Putting the ‘Net’ in The Netherlands

“In the early days, it was fascinating to see the ‘bottom-up’ approach to the Internet succeeding, whilst ‘top-down’ wasn’t really going anywhere,” says Boudewijn Nederkoorn. In the eighties, Boudewijn was involved in implementing a government-issued networking standard called Open System Interconnect (OSI) at the Nijmegen University Computer Centre. At the same time, Ted Lindgreen and Jaap Akkerhuis were working at CWI, creating the first fibre network to operate on the TCP-IP Internet protocol in Europe. “The bottom-up approach was far more interesting and we could already see the Internet’s enormous potential. However, we couldn’t simply abandon OSI - adopting this standard was a condition for our funding.”

In 1987, CWI decided they wanted to hand over management of the fibre network to another party and asked the NLUUG (Unix User Group The Netherlands) whether they could take care of this. Ted was a board member, had the required experience and volunteered! This resulted in the foundation of NLnet, of which Ted became Managing Director in 1991.

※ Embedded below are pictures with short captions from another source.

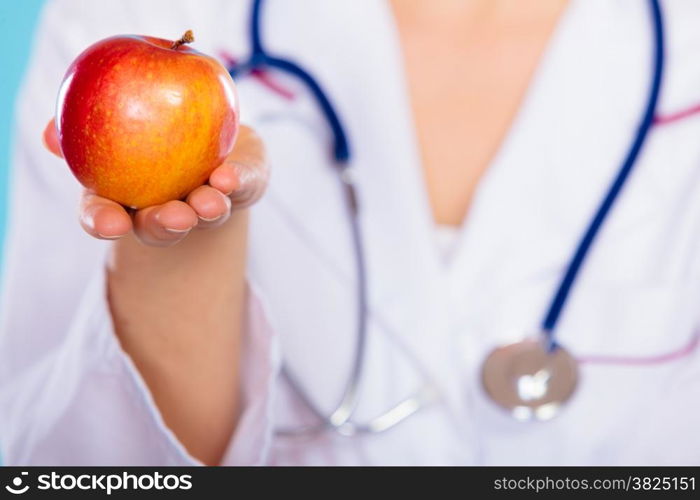 Health concept. Closeup nutritionist doctor holding apple fruit in her hand. Dietitian recommending healthy food. Diet.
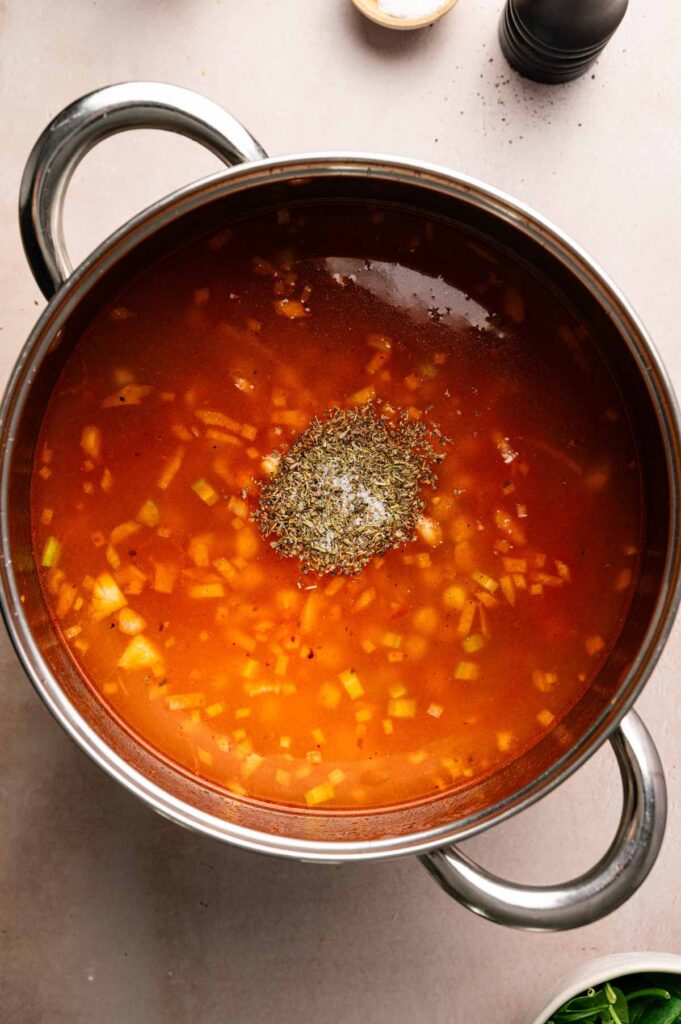 Vegetable broth is poured into the pot with Italian seasoning sprinkled on top, ready to be stirred in.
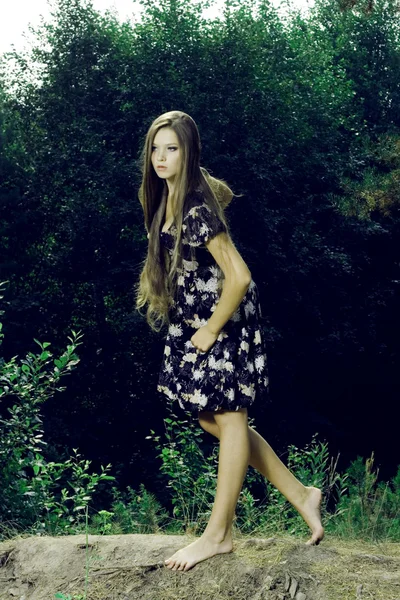 Beautiful girl in a wild forest — Stock Photo, Image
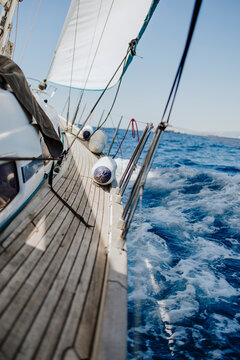 View from the deck of a sailboat sailing on the open sea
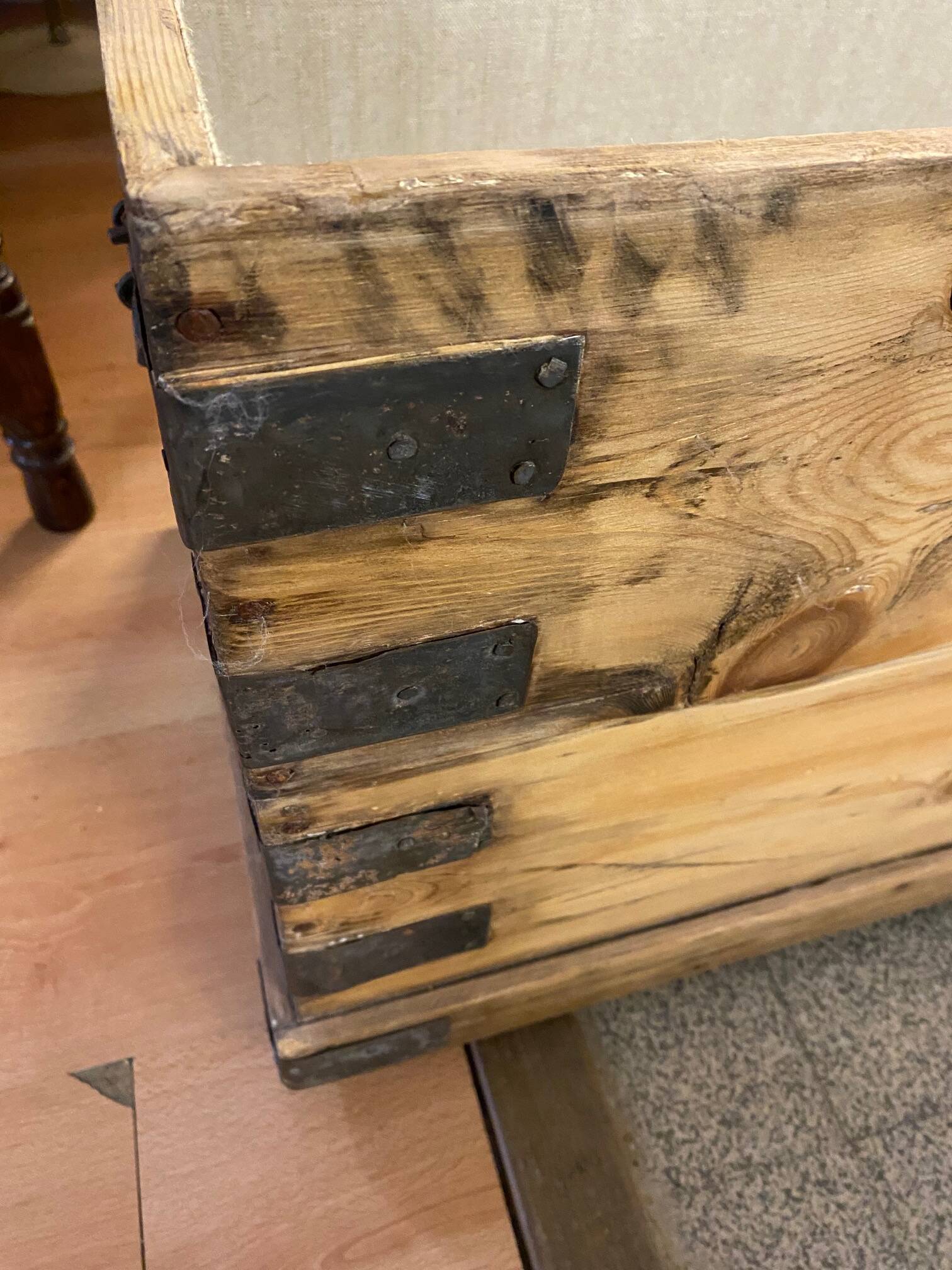 Old trunk in natural pine wood with padded interior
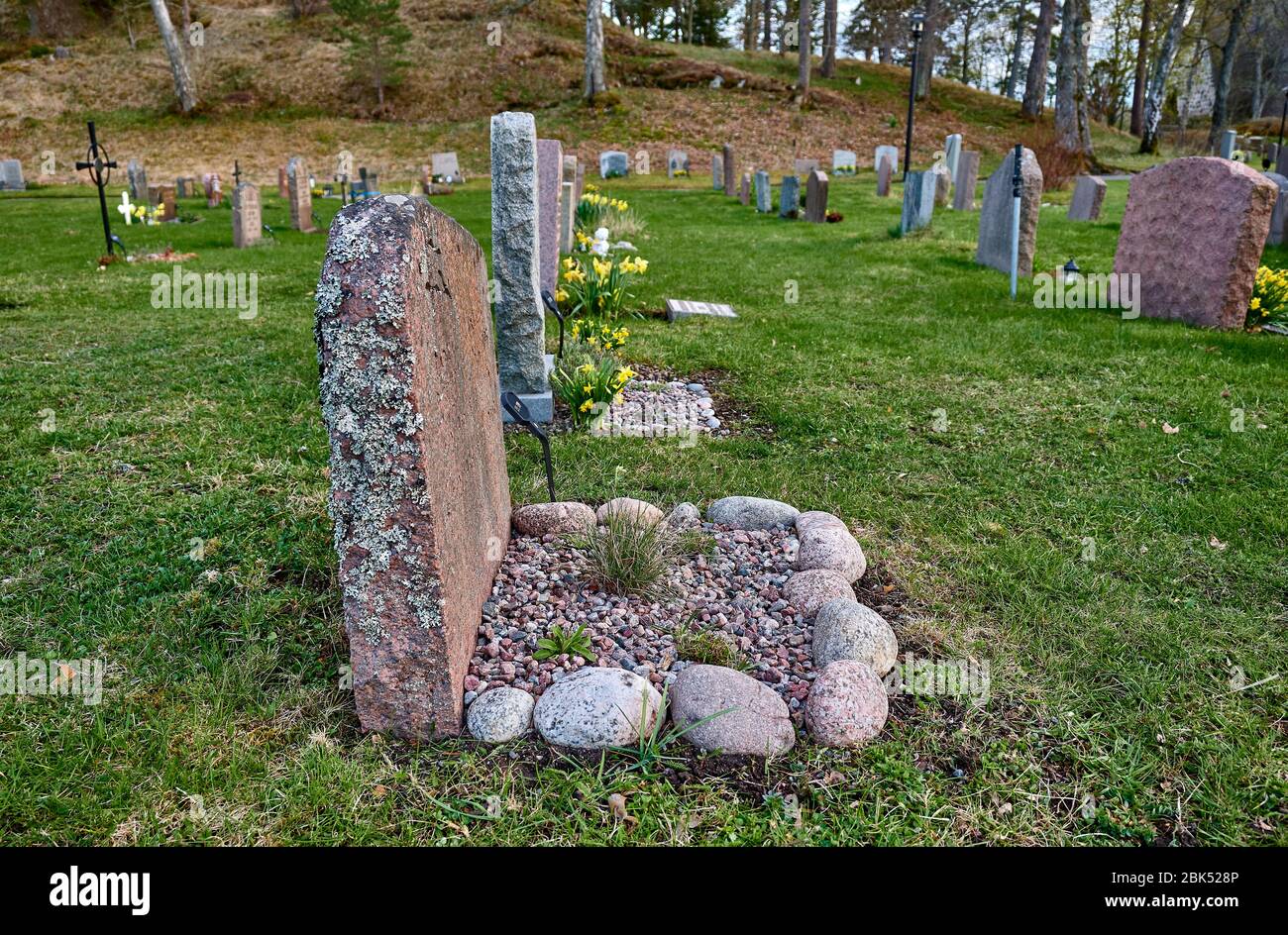 Ein Grabstein mit Moos, aber schön platzierte Steine auf der Vorderseite. Stockfoto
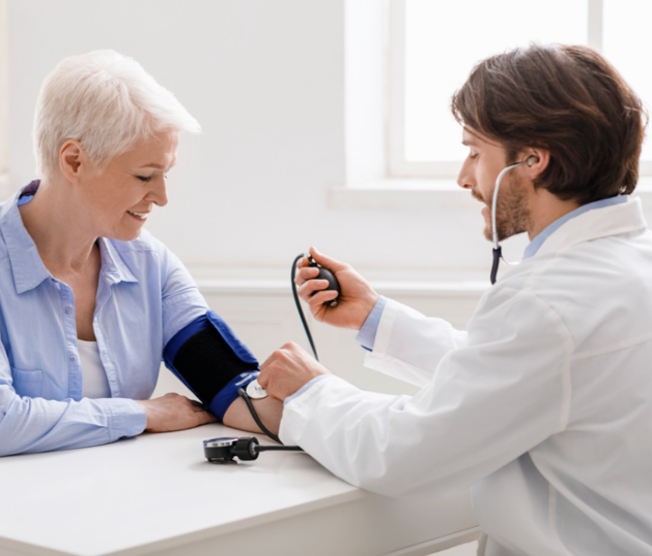 doctor taking an older woman's blood pressure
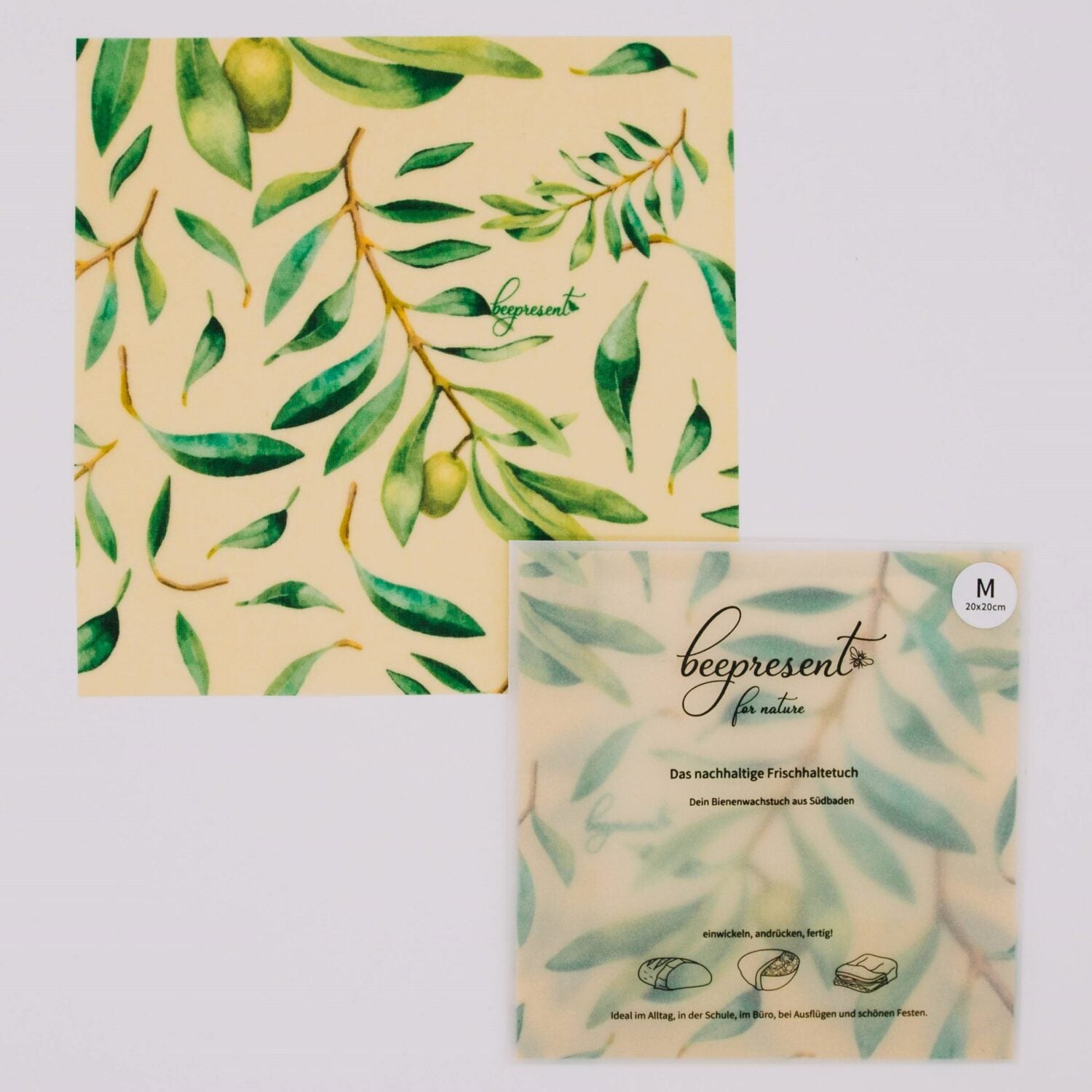 Grünes Blättermuster auf Bienenwachstuch mit "beepresent" Logo, nächste zu einer verpackten Version im gleichen Design.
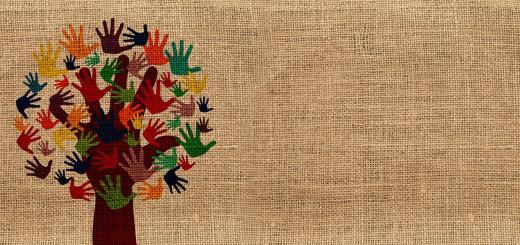 Painting of a tree with leaves of multiple colour handprints on a hessian canvas background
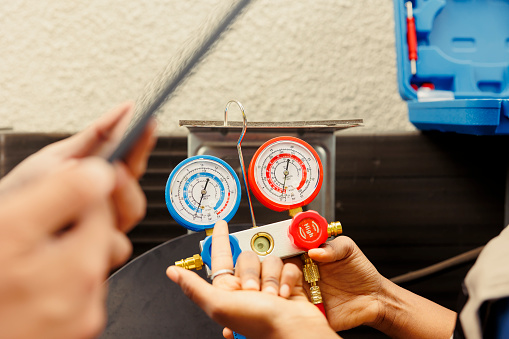 Close up of seasoned wireman holding pressure measurement device used for checking air conditioner refrigerant tank in need of repairing. Proficient expert using manometers to check freon levels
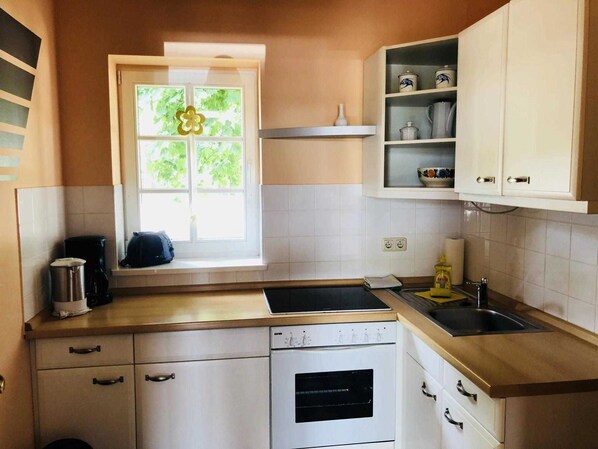A kitchen with white cabinets, a window with a flower decoration, a coffee maker, and a sink. - Apartment 2 - restaurant and boarding Schinkenkrug - Property 50882 (Rostock)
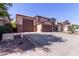 Two-story home featuring a three-car garage, concrete driveway, and low-maintenance landscaping at 12226 W Planada Ln, Sun City, AZ 85373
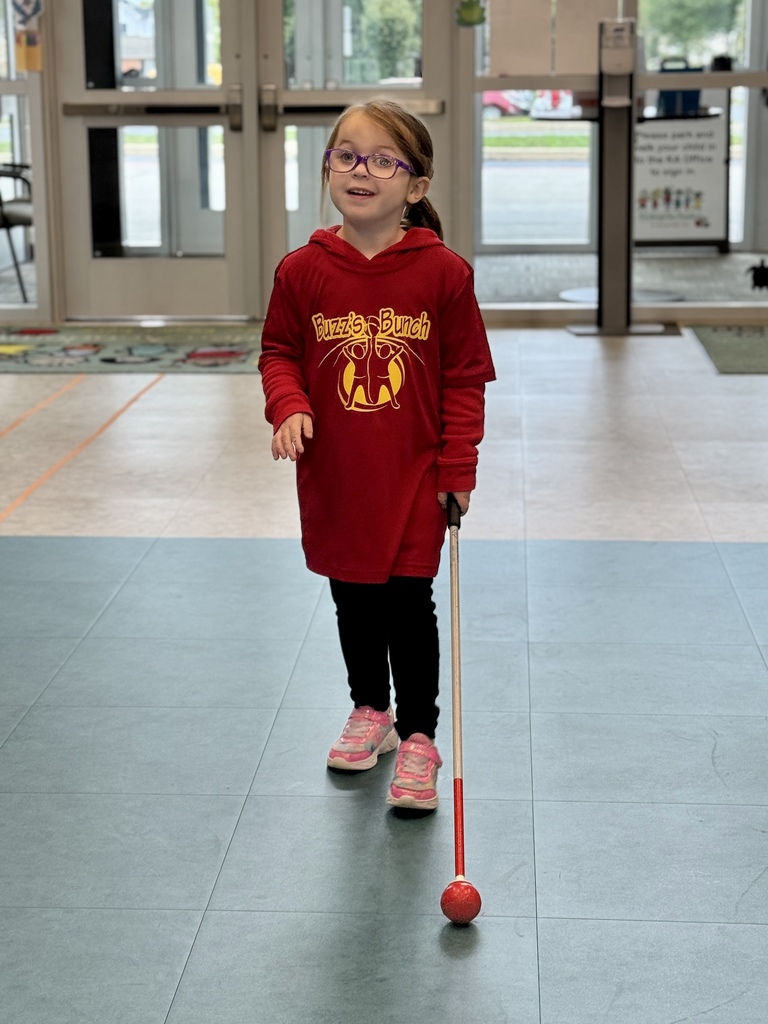 A young blind student navigating her school with her white cane.
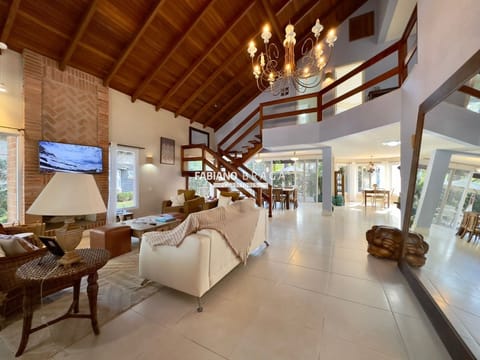 Sobrado com 281m², 4 dormitórios, 4 suítes, Carmel em Xangri-Lá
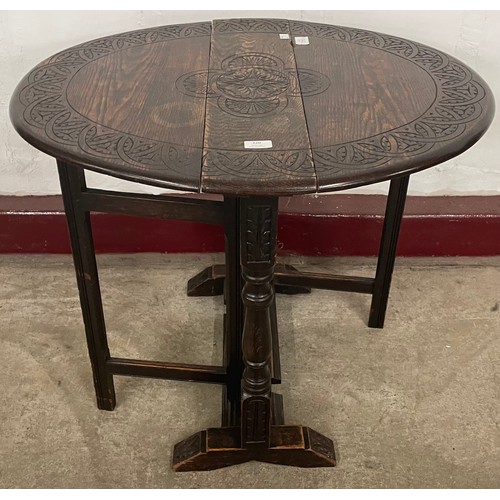 220 - A small 17th Century style carved oak gateleg table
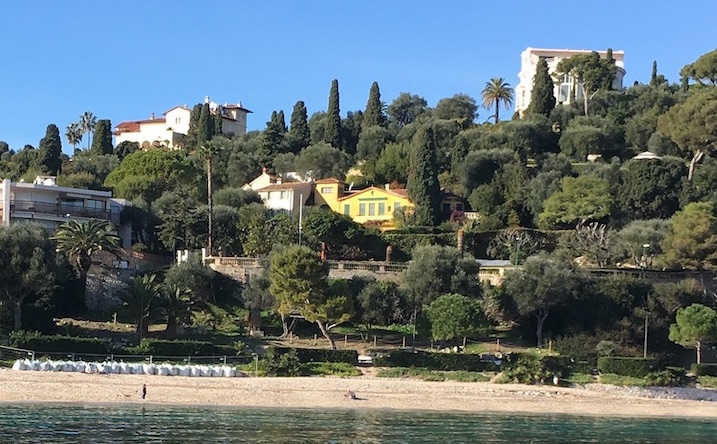 Houses on a hillside with trees, overlooking a beach and ocean.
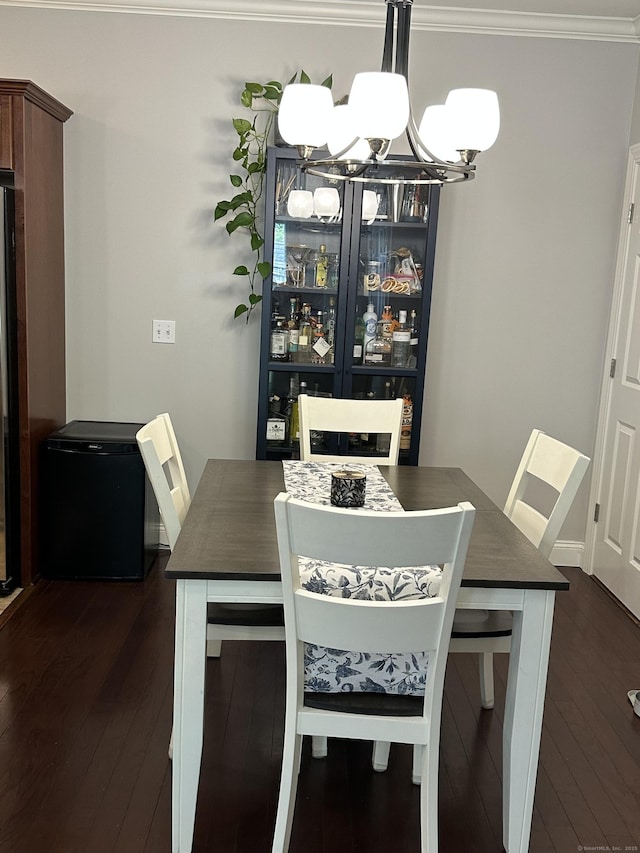 95 S Ridge Ln Unit D201, Berlin, CT 06037 - dining space with a chandelier, dark wood-type flooring, and ornamental molding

Top-down networks continued to ‘interfere’ with commercially driven fibre initiatives. Ted: “NLnet first operated a closed ‘members only’ network and later set up a legally organisation, the NLnet foundation, as a way of working around leading global telcos, such as PTT (later KPN), who were developing top-down structures. We kept this up until 1991, when the changing telecom laws allowed us greater freedom.”

Birth of AMS-IX

In the early nineties, companies preferred to do business with the United States through direct lines, instead of going through network providers, such as NLnet. Ted: “This led to the decision to set up a local Internet exchange. Not the most obvious choice from a competitive point of view, but we weren’t really interested in such considerations. NLnet, which was a foundation, was far more idealistic. Together with SURFnet - a not-for-profit organisation - we just wanted to make sure the Internet was properly established.”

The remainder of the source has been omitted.